The period in question also witnessed a growing number of new or revised versions (there have always been such projects throughout the history of the English Bible)–some of modest enduring fame, including that of Noah Webster. But also some now long-forgotten. There were several Unitarian NT translations made (anticipating the Jehovah’s Witness version by rendering John 1:1, “the word was a God” and rejecting “eternal” as the meaning of eon, opting for “age”; in short, they were altering the translation to fit their aberrant theology). Alexander Campbell also made his own NT version (1826)—wherein he rendered baptize by “immerse,” preceding a Baptist “immerse” version by a several decades. With the rapid spike in Catholic immigration to America from Ireland, Germany and elsewhere before the Civil War, there was a great increase in the number of Catholic Bible translation editions published (duly annotated to enforce Catholic dogma), and a parallel controversy over the reading of the Bible in government schools, with Catholics objecting to being made to read a Protestant version.

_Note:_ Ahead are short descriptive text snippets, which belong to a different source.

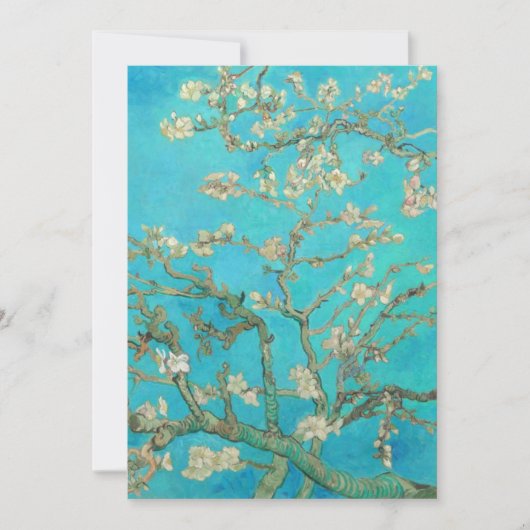 Van Gogh Almond Blossom Kaart (Voorkant)
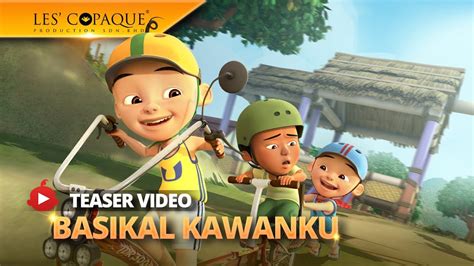 Upin Ipin Musim 18 Basikal Kawanku Episod Baru YouTube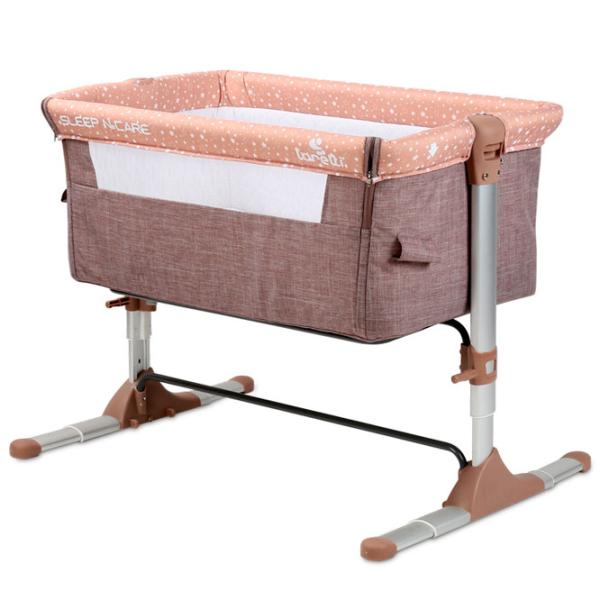 Pat pentru copii Lorelli Sleep'n Care Elephant (10080431903) 0 luni -/ Beige photo 3 Pat pentru copii Lorelli Sleep'n Care Elephant (10080431903) 0 luni -/ Beige photo 3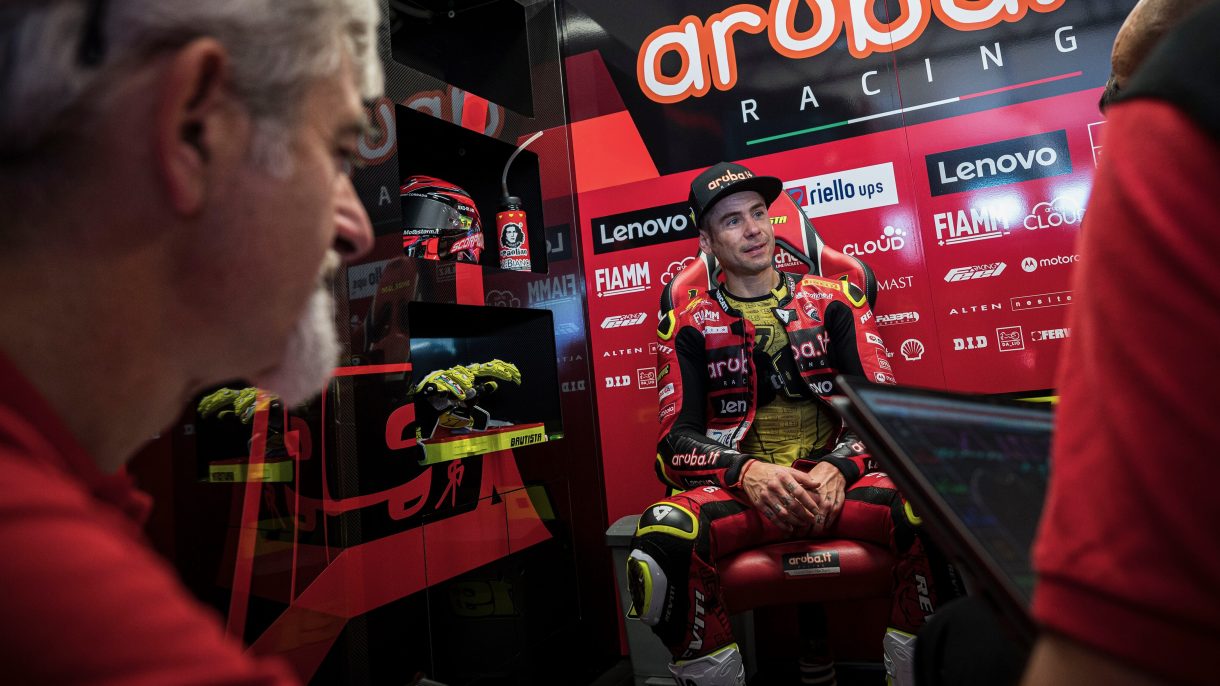 Álvaro Bautista probará la Ducati de MotoGP en Misano
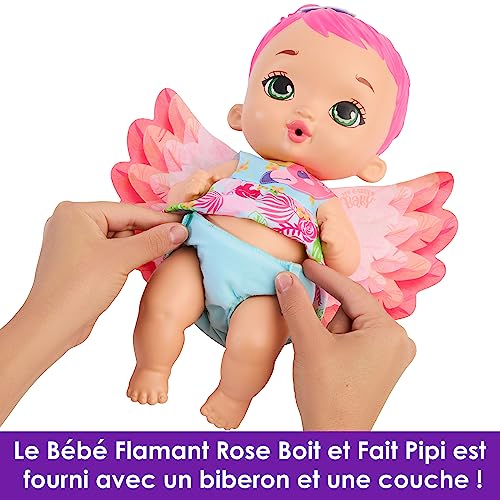 Poupée Flamant Boit & Pipi Mattel La Poupée - vue 4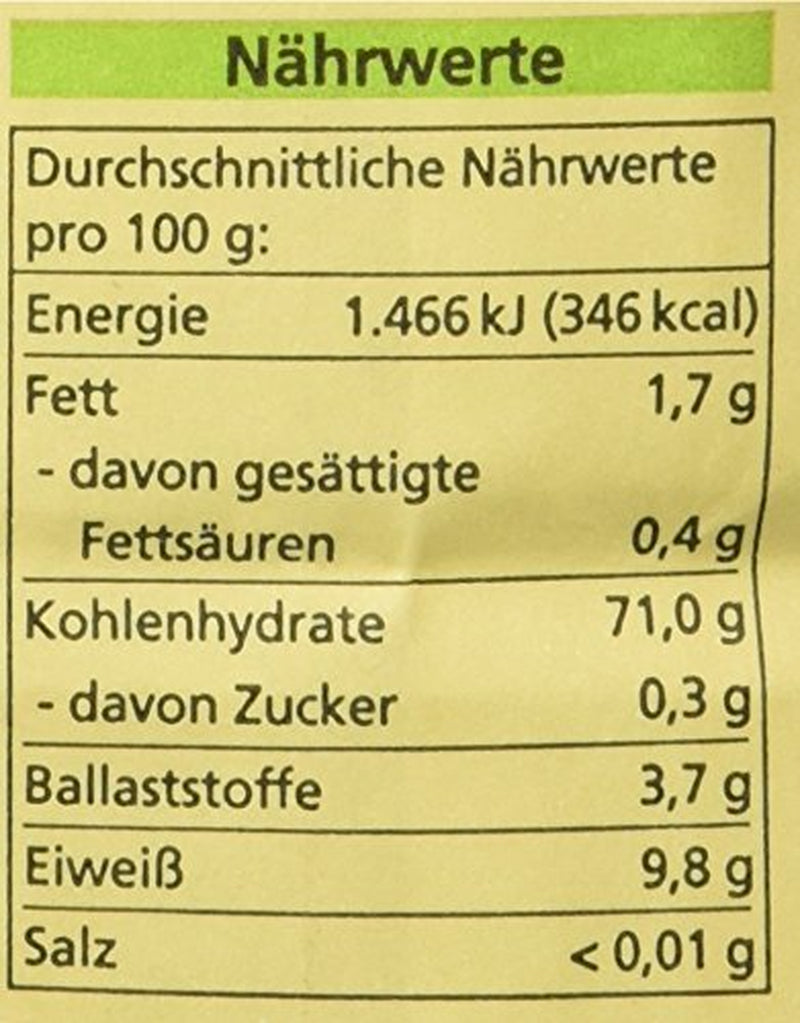 Biologische boekweit, 500g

The rise and popularization of religious fiction led to the neglect of Bible reading as people opted instead for reading indirectly about the Bible. Ben-Hur by Lew Wallace was the most popular book in this genre, but Gutjahr also includes here (as a work of fiction), The Book of Mormon (though he uncritically ascribes the book to Joseph Smith, when there is strong evidence that one Rev. Spalding actually wrote it).
The volume, the author’s doctoral dissertation in a revised form, is well supplied with photographs. He sometimes capitalizes “Bible” and sometimes puts it in lower case, drawing a distinction in a note preceding the “preface,” a note which is largely incomprehensible to me. Having read multiplied thousands of pages on the history of the English Bible previously, it is not often that I read a book with a great deal that is fresh or new. But there was a considerable amount of new information, or information in a new light here (including an account of how Charles Thomson, secretary of the First Continental Congress, came to make the first English translation of the Septuagint; and the fact that the Harper Brothers of publishing fame were devout Methodists), and a very extensive bibliography for further investigation. The author does make some errors–he repeatedly refers to various printed Greek texts as “manuscripts,” he gives incorrectly a Bible reference twice (pp. 96, 99, substituting I John 5:8 for the correct I John 5:7); he fails to note that Murdock’s 1851 NT translation is an English translation of the Syriac Peshitta Version; and some other blemishes.
On its topic, this is a very informative volume.